Flawed as it was, season four of Arrested Development set the baseline for TV revivals in two important ways. The most prominent criticisms of the follow-up installment to the Bluth saga tended to revolve around the season’s drastically different tone from the original run as well as the lack of main characters on screen at the same time. Season five sought to rectify these issues, with results that make you wonder if the saga of the Bluths is simply too tired to continue.
Arrested Development has always been a plot-centric show, which was quite unusual for comedies when it first aired in the early 2000s. After a decade of so-called “peak–TV,” the format is far more common, which perhaps evaporates any brownie points the show could earn simply through its sheer complexity. Season four, with its fractured narrative, was hard to follow even if you were trying quite hard to piece together the events initially presented out of chronological order.
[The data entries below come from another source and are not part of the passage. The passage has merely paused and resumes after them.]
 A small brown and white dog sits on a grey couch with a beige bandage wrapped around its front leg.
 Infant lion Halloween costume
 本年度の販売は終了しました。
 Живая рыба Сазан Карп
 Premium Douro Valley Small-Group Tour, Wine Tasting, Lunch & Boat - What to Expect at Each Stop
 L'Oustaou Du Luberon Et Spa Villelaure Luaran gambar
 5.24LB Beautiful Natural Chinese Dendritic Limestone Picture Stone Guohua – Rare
Season five, split into two eight-episode installments, the latter of which dropped last week, runs into a different problem. It’s still very confusing, a point the show seems well aware of, extensively using narrator Ron Howard to explain the plot mid-episode. The plot is also difficult to follow for the simple reason that it’s not very interesting or funny. Complexity is especially challenging when the viewer lacks an incentive to engage with the material. You can piece together the puzzle, but there’s no real payoff at the end of it.
The jokes are few and far between. There are an awful lot of gay jokes present, which might have been amusing to a general audience back in 2002, but seem weirdly out of place on a show once praised for its writing. Tobias’ Mrs. Featherbottom routine is similarly overused, lacking moments where humor is even suggested to be conveyed. Even the sharp-witted matriarch Lucille Bluth’s signature one-liners fall surprisingly flat, despite Jessica Walter’s immense talent as an actress.
The acting is serviceable, as expected with an A-list cast. Tony Hale, appearing in far more of the second half of season five than the first, is perhaps the standout Bluth, making the most of Buster’s time at the center of the narrative. Jeffrey Tambor, marred in scandal after being fired from Transparent for sexual harassment accusations as well as admitted verbal abuse of costar Jessica Walter, looks uncomfortable in the dual roles of George/Oscar. The show would have been better off simply cutting him from the show, as his presence sours an experience that’s already pretty lackluster. Portia de Rossi, who retired from acting before season five, is limited to a cameo appearance in the second half.
While the first half of season five was marred by overuse of green screens used to create the illusion that the Bluths were in the same room, the final eight episodes are far more convincing. There is a lingering distraction caused by the idea that practically every scene needs to be examined for editing, but the show does a good job of at least presenting the idea that its cast members are physically in the same space. As weird as it feels to compliment a show for that simple feature, this issue has been a persistent problem for Arrested Development since its revival.
Television has evolved considerably since Arrested Development first premiered. Single camera comedies have become more of the rule than the exception. Somewhere along the way, a show once praised for its quality writing became complacent, content to rest of the laurels of gags that debuted more than a decade ago.
Absent is any sense of urgency driving the wit. Some of the show’s best moments came from season three, when Arrested Development increasingly embraced gallows humor in the face of imminent cancellation. The threat of no additional seasons has been replaced by the sad feeling of watching a once great show tarnish its legacy with lazy follow-ups. Season five proved that Arrested Development could imitate its glory years, but the Bluths don’t seem to have anything funny left to say.